That being said, IBM should probably look into allowing this to be configurable. IBM does have a habit of introducing new features without allowing Admins to disable them completely. The problem here is that drag-and-drop to .eml is configurable but not File > Save As > eml. We should be able to disable that. But in this specific case it really shouldn’t be that big of a deal.

Subject: I don’t know, but…

I don’t believe there’s such a thing as an email system that prevents people from storing emails into files. It’s simply not possible.
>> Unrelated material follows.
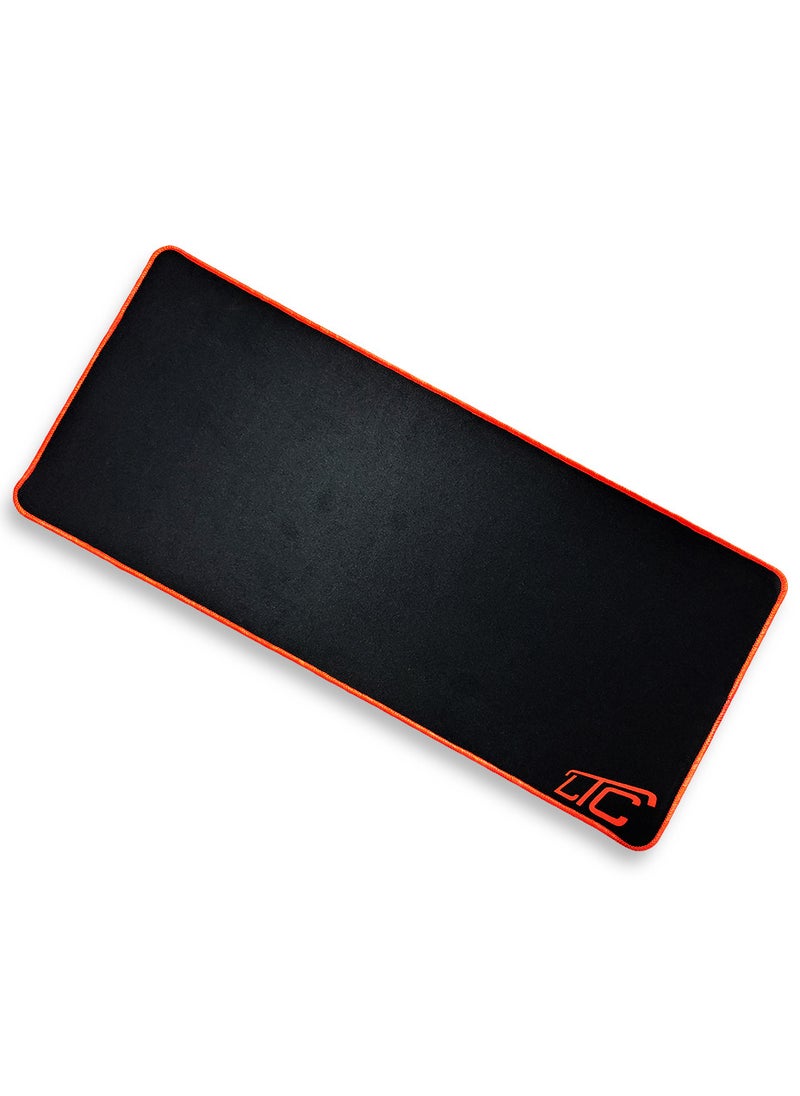 Generic - Large Mouse Pad ( 70cm x30cm x2mm ), HD Printing Style Desk Mat, Mouse and Keyboard Pad Extended, Water Proof Fabric Surface Mouse Pads for Desk, Anti-Slip Rubber Base - Image 1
Even if there were no menu option, you could copy and paste into a text file, you could write external code (or a Notes agent) to scan your mail file and produce a dump in any format you choose, you could use any screen capture tool to scrape the text off of whatever screen you’re looking at, you could forward the mail to another account that doesn’t have this restriction…

Ultimately, there’s no way to completely prevent users from making copies of whatever information they technically do have access to. You can try to make it a little harder, but that also makes it harder to use the information in legitimate ways.

All this is true no matter what email software you use.

I think your legal department will have to learn to live with this, or else your company must give up on email and go back to using paper memos (printed in non-photo-repro blue, of course). Or you can make everybory use kiosks instead of giving them general-purpose computing devices that can store files and so on.

Subject: harder to do is better

Andre;

True it is impossible essentially, but making it so easy is not helpful and adds huge extra costs. We are a large global company and we live this set of challenges.

Making it harder is helpful, as many users wont do the extra steps. Making it preventable-- by policy-- is much better. That can save tons of money for US companies given the newer Federal discovery rules. Local mail means local ediscovery. An opposing lawyer can require or induce forensic ediscovery, which is hugely expensive ($600 per hour-- IT costs not the legal costs to review the information).

The cost of doing eDiscovery review is an astounding $5,000 per GB, or about 1500 times the cost of the storage that those messages live on. Local EML files would mean effectively needing to capture, preserve, search and produce much higher volumes vs simply doing mail boxes, ie substantial portions of hard drives in PC’s.

Email exists to support the business, it is not THE business, so technology needs to be flexible enough to meet business needs including those of the legal teams. Don’torget that each dollar of expense (incurred or avoided) is reflected 100% in a company’s bottom line, whereas each dollar ofrevenue, after expenses, taxes, overhead, is only represented in smaller percentages in the bottom line. Technology is great at controlling expenses if used and configured properly; when it isn’t it adds expense. This would do that.